Abstract

A gene encoding a receptor-like protein kinase was isolated as the gene induced in the early period of N gene-dependent hypersensitive cell death in tobacco leaves. The kinase domain expressed as a glutathione S-transferase fusion protein was capable of autophosphorylation, indicating that this gene encodes an active protein kinase. A high level of the transcript accumulated before necrotic lesion formation in tobacco mosaic virus (TMV)-inoculated tobacco leaves carrying the N gene but it was low in a tobacco cultivar lacking the N gene. A small but reproducible increase in the transcript was found 1-2 h after a temperature shift from 30 degrees C to 20 degrees C even in healthy leaves, suggesting the gene expression is temperature sensitive. The gene was named WRK for wound-induced receptor-like protein kinase, because the transcript increased to a maximum within 15-30 min of wounding.
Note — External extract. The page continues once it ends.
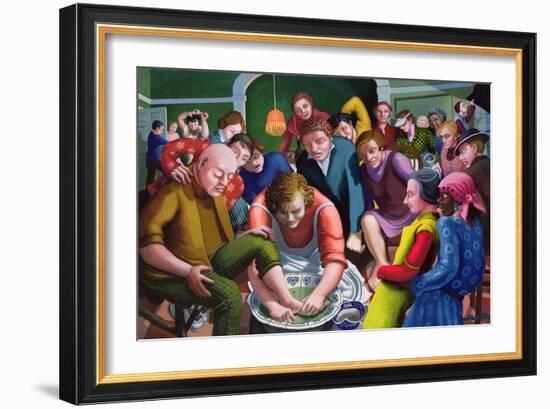 Jesus Washes Disciples' Feet, 1995-96-Dinah Roe Kendall-Framed Giclee Print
In suspension cultured tobacco cells, an increase in the transcript was found 15 min after transfer to a new medium, but it was suppressed under high osmotic pressures. The wound-induced WRK accumulation was enhanced by cycloheximide treatment, but not by known defense signal compounds (salicylic acid, jasmonic acid, 1-aminocyclopropan-1-carboxylic acid and abscisic acid) and some plant hormones. Thus, WRK is a wound-inducible and temperature-sensitive protein kinase gene induced before hypersensitive cell death probably through unknown signaling pathways.